Exercise instructions:
Only the lines from the one containing "Lombardi Golf Custom" through the end of the data are wanted, reproduced exactly and without pictures.

BEGIN Available data

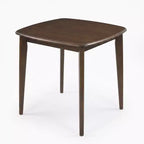 Table de comptoir carrée moderne Lukas en bois d'hévéa avec bord incurvé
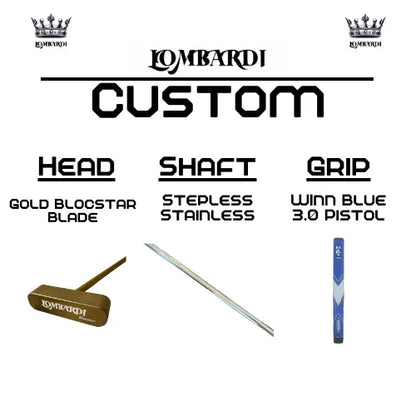 Lombardi Golf Custom Gold Blocstar Blade Golf Putter - GOLF LEAGUE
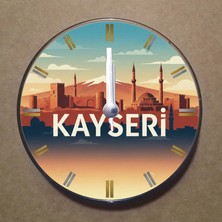 Bsb Kayseri Temalı Magnet Saat Buzdolabı Süsü Duvar Saati 10,5cm MS1046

END Available data

Task solution:
 Lombardi Golf Custom Gold Blocstar Blade Golf Putter - GOLF LEAGUE
 Bsb Kayseri Temalı Magnet Saat Buzdolabı Süsü Duvar Saati 10,5cm MS1046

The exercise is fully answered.